Österreich: Pressestimmen zur Ibiza-Affäre
Pressestimmen von "New York Times" bis "NZZ" zur Ibiza-Affäre "Spektakulär gescheitert"
Die Enthüllungen vom SPIEGEL und der "Süddeutschen Zeitung" über ein fragwürdiges Treffen des zurückgetretenen FPÖ-Chefs Heinz-Christian Strache mit einer vermeintlichen Oligarchen-Nichte haben auch außerhalb Europas ein Medienecho ausgelöst.
In der "New York Times" werden die vermeintlichen Verbindungen Russlands in die österreichische Politik als "direkter Draht zu einer Regierung im Herzen Europas" aufgegriffen.
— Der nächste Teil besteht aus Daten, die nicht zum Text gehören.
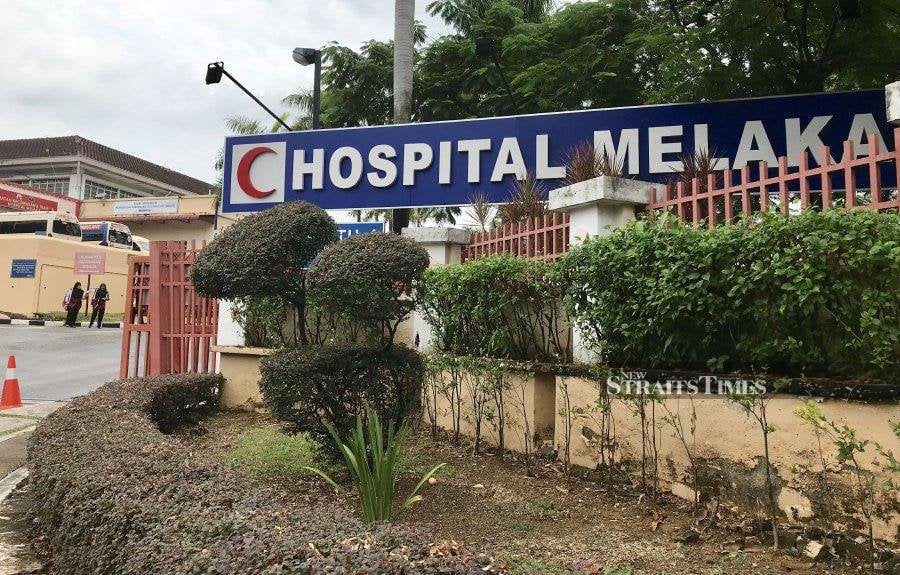 Only eight Melaka Hospital medical workers tested positive for Covid-19 and not 11 as viralled in social media. -NSTP/File pic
Die "Washington Post" sieht in dem Skandal einen "Schlag gegen die europäischen Anti-Einwanderungsparteien", die sich als "glaubwürdige Regierungsalternativen" positionieren wollten.
Als "Erdbeben, das die Politik weit über Österreichs Grenzen hinaus erschüttert" bezeichnet die "Neue Zürcher Zeitung" die Affäre und ihre Folgen. Sebastian Kurz habe sich gefallen "in der Rolle als Posterboy der Konservativen, dem es angeblich gelungen war, die Rechtspopulisten einzubinden und mit straffer Führung zu zähmen". Sein Vorzeigeprojekt sei nun "spektakulär gescheitert" - mit Wirkung weit über die Landesgrenzen hinaus. "Denn wenn es die Absicht war, das Video ausgerechnet eine Woche vor der EU-Wahl publik zu machen, um die Problematik einer Beteiligung der rechtspopulistischen Kräfte an der Macht aufzuzeigen, dann ist dieses Kalkül aufgegangen."

Österreich: Pressestimmen zur Ibiza-Affäre
Österreichische Tageszeitungen haben auf den Skandal mit schonungslosen Analysen reagiert. So attestiert "Der Kurier" Heinz-Christian Strache eine "atemberaubende Dummheit", er sieht in der Affäre um den FPÖ-Politiker einen Beleg "für die grenzenlose Überheblichkeit und Ignoranz: Pfeif' auf demokratische Werte, wir machen, was wir wollen". "Eine völlige Katharsis, ein Neustart" sei "der einzige Ausweg aus der schier ausweglosen Situation, die die Welt wieder einmal spöttisch auf Österreich blicken lässt".
Über dem "Kurier"-Kommentar steht die Überschrift: "Österreich, wir haben ein Problem." Wenn die FPÖ wieder marginalisiert werde, bestehe die Gefahr einer Rückkehr zum Zwei-Parteien-Staat. "Das kann niemand wollen."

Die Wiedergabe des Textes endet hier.